Cox v. State

Decision Date12 March 1912
Citation63 Fla. 12,58 So. 49
PartiesCOX v. STATE.
CourtFlorida Supreme Court

Error to Circuit Court, Dade County; L. W. Bethel, Judge.

P. C Cox was convicted as an accessory after the fact of murder and brings error. Reversed and remanded.

Syllabus by the Court

SYLLABUS

Where an indictment contains several distinct and separate counts a verdict of guilty, specifically confined to one count, is in law, an implied acquittal of the offenses charged in the other counts.

Where there is a criminal court of record in a county, the circuit court of that county has no trial jurisdiction of an indictment or a count of an indictment charging an offense not capital, or to render a judgment or sentence of conviction predicated upon an indictment or count charging an offense not capital.

Where, on a trial in the circuit court upon an indictment containing three counts, one of which counts charges an offense not capital, and a verdict of guilty is returned only as to the count that charges an offense not capital, the verdict operates as an acquittal on the other counts; and a sentence rendered upon such a verdict will be reversed, when there is a criminal court of record in the county, since the latter court alone would have jurisdiction to try 'criminal cases not capital which shall arise in' the county.

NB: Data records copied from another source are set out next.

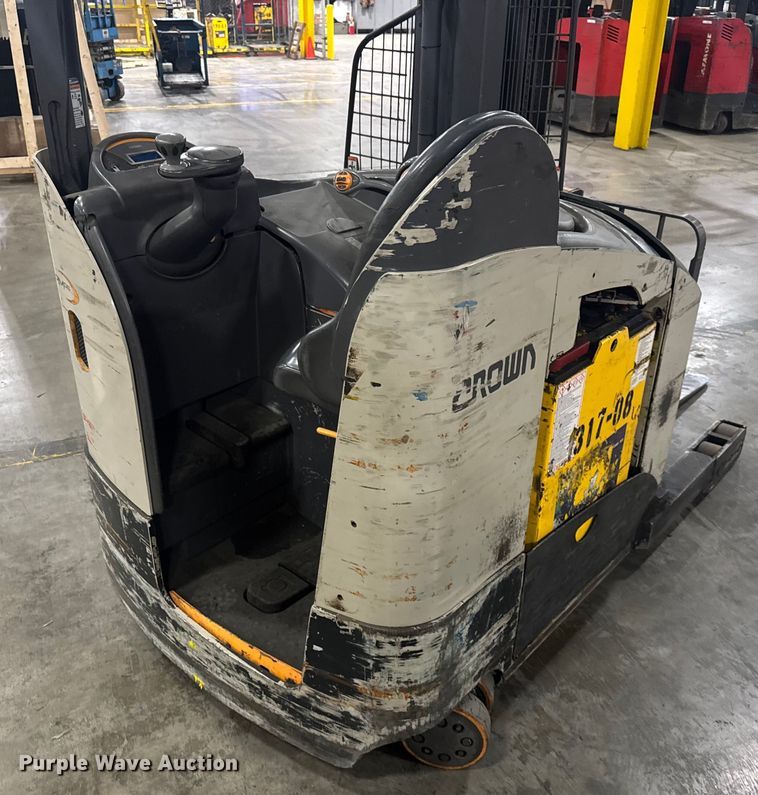 image for item EV1836 Crown RMD6095S-32 reach truck
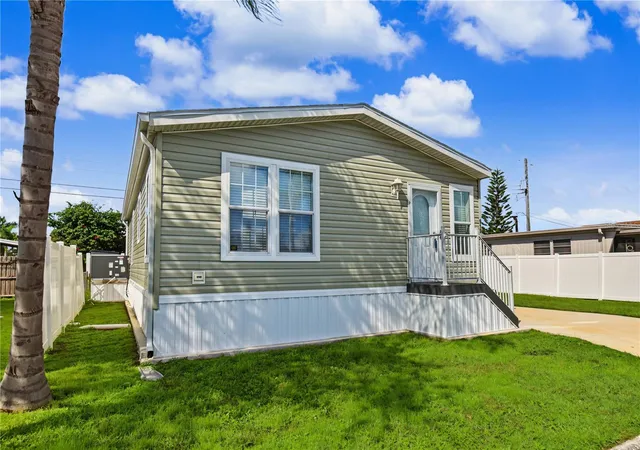 Photo 1 of Manufactured home for sale at 919 50th Avenue W, Bradenton, FL 34207 | MLS# A4707074 | Listing updated on 2026-09-23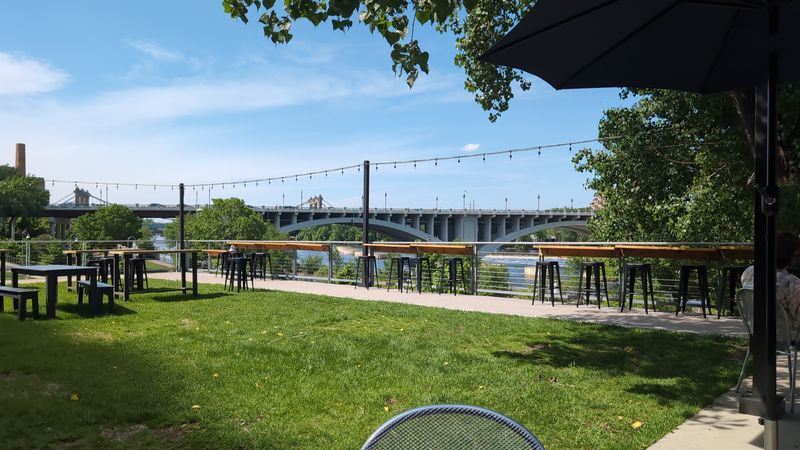 A View of the Mississippi River That Adds to Every Meal A View of the Mississippi River That Adds to Every Meal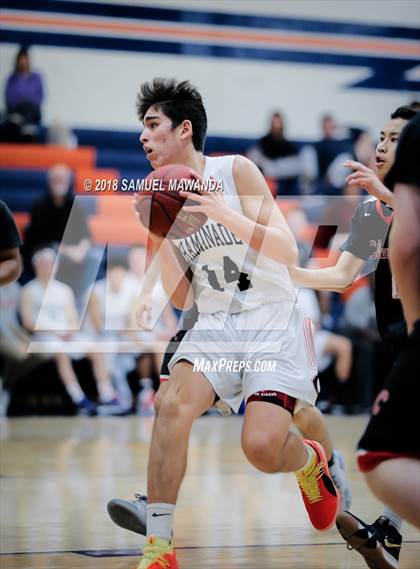 Thumbnail 3 in Chaminade vs Cleveland photogallery.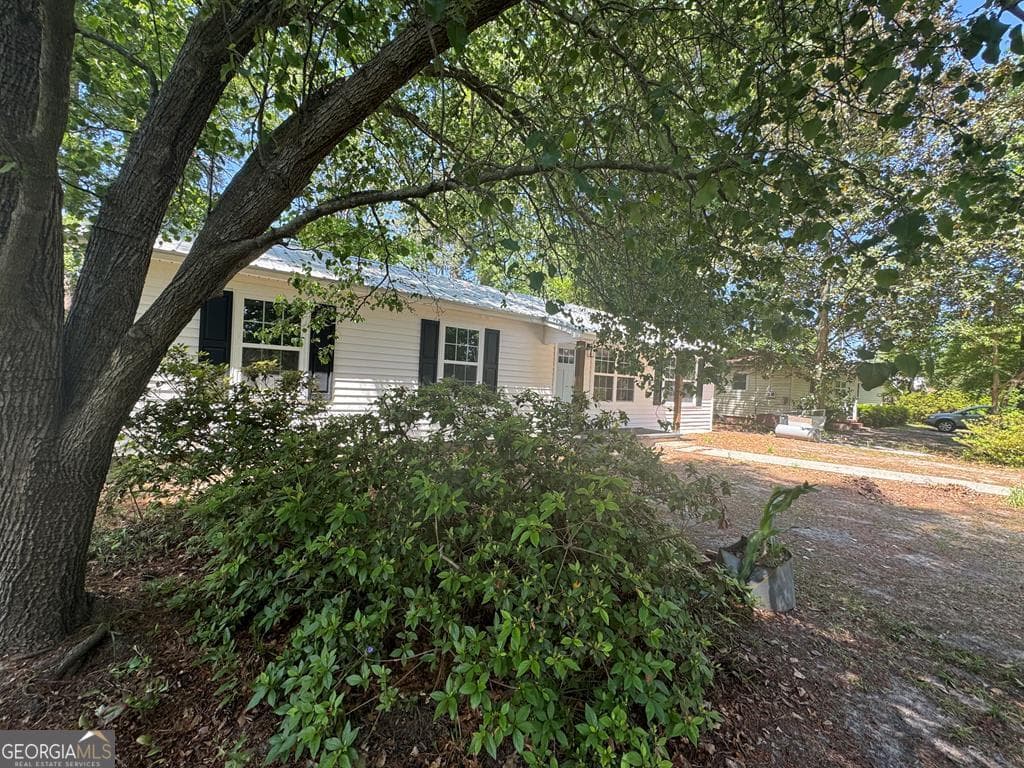 3 bedroom, 1 bathroom, 1,264 sq ft single family residence sold at 10 Grove Street, Hazlehurst, GA 31539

Section 3192, Gen. St. 1906, should be construed with reference to the constitutional jurisdiction of courts.

COUNSEL Price & Railey and H. P. Branning, for plaintiff in error.

Park Trammell, Atty. Gen., and C. O. Andrews, for the State.

OPINION

WHITFIELD C.J.

P. C. Cox was tried in the circuit court for Dade county upon an indictment consisting of three separate and distinct counts. The first count charged murder in the first degree; the second count charged an unlawful aiding and procuring of murder; the third count charged accessory after the fact of murder. The defendant was convicted on the third count. A motion in arrest of judgment was denied. The defendant took writ of error.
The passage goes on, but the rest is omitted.